Así con golpes y traspiés avanza la secularización en Europa, que no deja de ser buena y necesaria, aunque le falte, en ocasiones, conducción y doctrina. Hay que encontrar el equilibrio: reivindicar el lugar de Dios en la vida de cada persona, de cada cultura y de cada sociedad. En esto dos siglos los Papas han tenido un papel fundamental. El siglo XX, que se estrenó con un nuevo formato de guerra de magnitudes impensables, nos trajo, quizás, los mejores pontífices que haya conocido la historia de la Iglesia. Comprometidos con los problemas del mundo supieron aportar soluciones sin retroceder en la intención de vivir a cabalidad el norte secular: "al César lo que es del César, y a Dios lo que es de Dios". A los cristianos de a pie les toca lidiar con los problemas concretos; la Iglesia está para orientar, para guiar y para sanar las conciencias. No está para ocupar cargos políticos y mucho menos para declarar la guerra a nadie.

En este sentido, me resultan particularmente claras las ideas del Papa Emérito Benedicto XVI, a quién se considera el Papa de la razón, o más bien, de la armonía fe-razón. Fueron muchos los discursos, homilías, escritos, audiencias, etc. en las que glosó reflexiones en torno a la laicidad, la ciencia, la doctrina social, el lugar de la fe hoy, la conciencia cristiana, el relativismo, las nuevas tecnologías, la ética y un largo etcétera.


El tema de la laicidad implica sobre todo la formación de la conciencia humana, porque no se trata de imponer dogmas, conductas, principios o ideologías, sino que cada persona encuentre un norte para su libertad.

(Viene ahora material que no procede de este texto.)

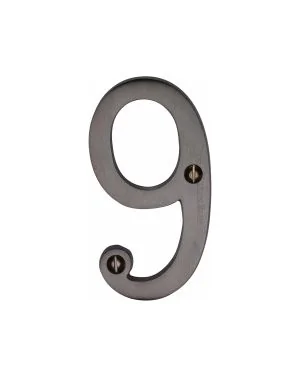 Heritage Brass Numeral 9 Face Fix 76mm (3") Matt Bronze finish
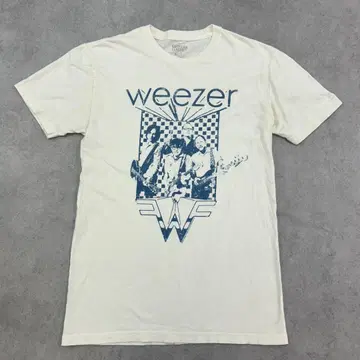 weezer 위저 밴드 티셔츠 구제 의류 화이트 내추럴 계열 M
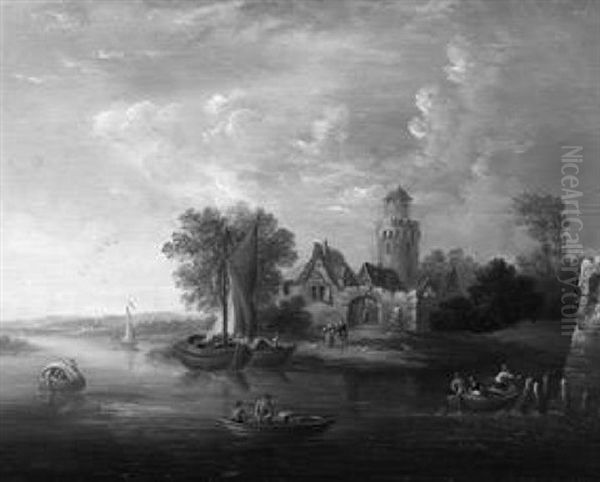 Romantische Rheinlandschaft Mit Boots- Und Figurenstaffage Vor Fischerhausern Am Ufer - view 1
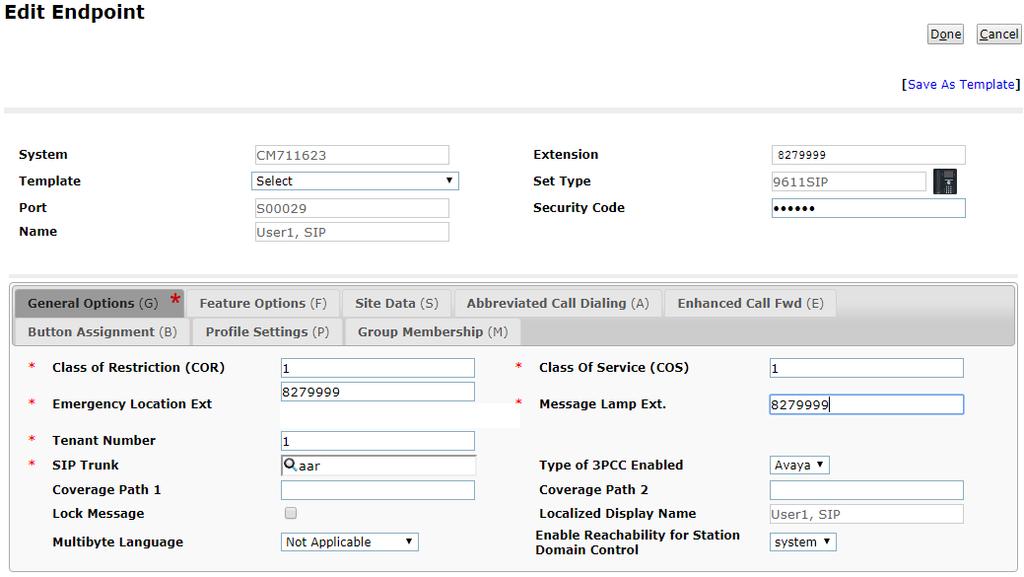 Click on Endpoint Editor in the CM Endpoint Profile and on the General options tab set Type of 3PCC Enabled as Avaya.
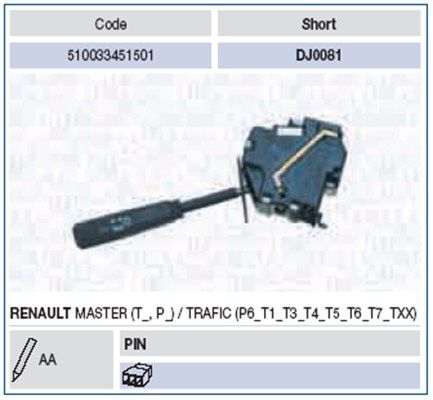 MAGNETI MARELLI 510033451501 Steering Column Switch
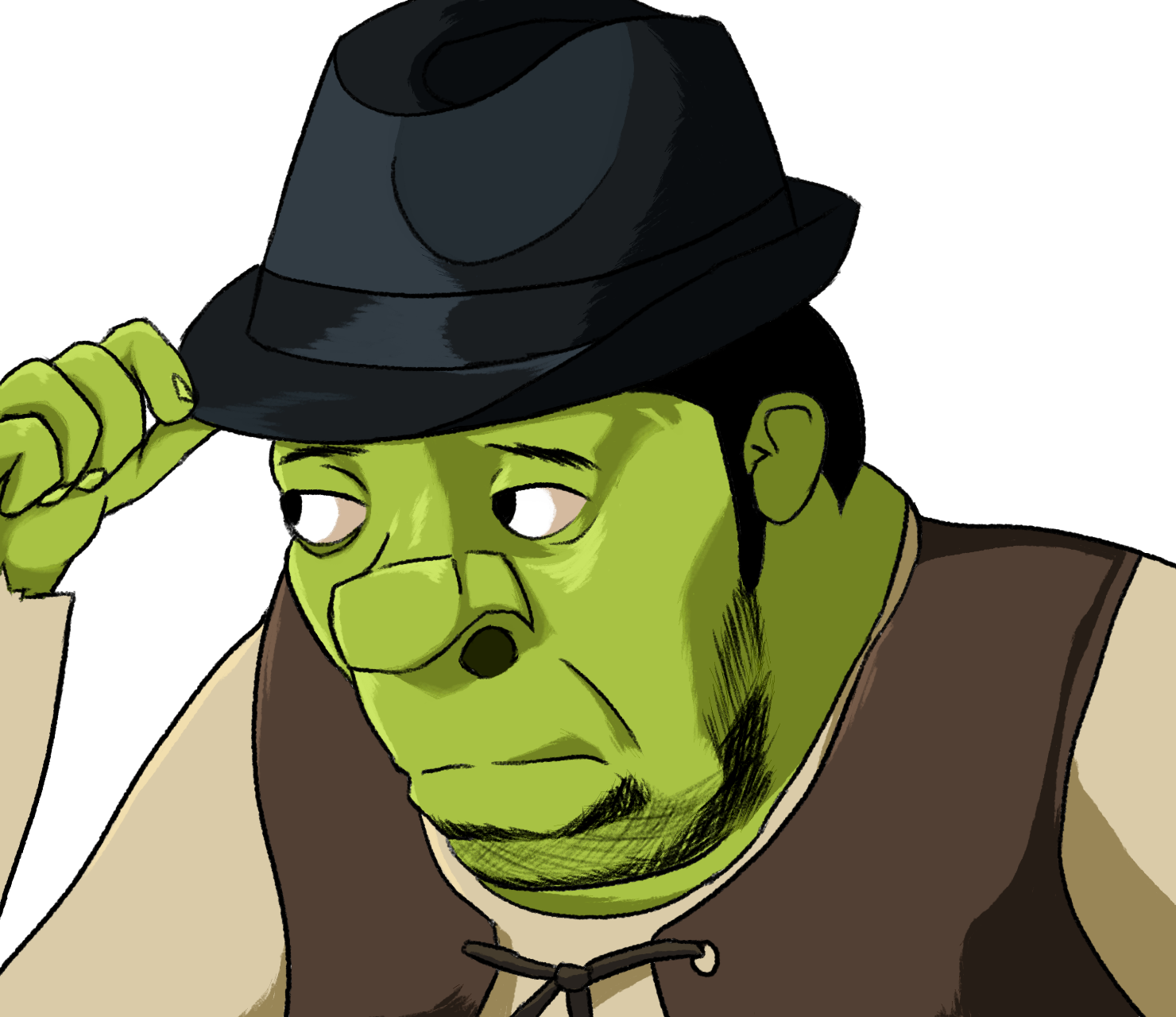 Green Fictional Character Cartoon Headgear - Shrek Fedora Png (1480x1280), Png Download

Los recientes asesinatos a los caricaturistas del semanario francés Charlie Hebdo reflejan la actitud fundamentalista de quienes no creen en la libertad. Pero tampoco creeríamos suficientemente en ella si no luchásemos por mejorar, por corregirnos, por convertirnos en seres más respetuosos del otro, en definitiva, si no nos esforzáramos seriamente por amar más y mejor al prójimo, máxima que resume toda la fe cristiana: "La calidad de la vida social y civil, la calidad de la democracia, dependen en buena parte de este punto crítico que es la conciencia, de cómo es comprendida y de cuánto se invierte en su formación (...) Si la conciencia vuelve a descubrirse como lugar de escucha de la verdad y del bien, lugar de la responsabilidad ante Dios y los hermanos en humanidad, que es la fuerza contra cualquier dictadura, entonces hay esperanza de futuro (...) En la formación de las conciencias, la Iglesia ofrece a la sociedad su contribución mas singular y valiosa" (Benedicto XVI, Croacia: 2011).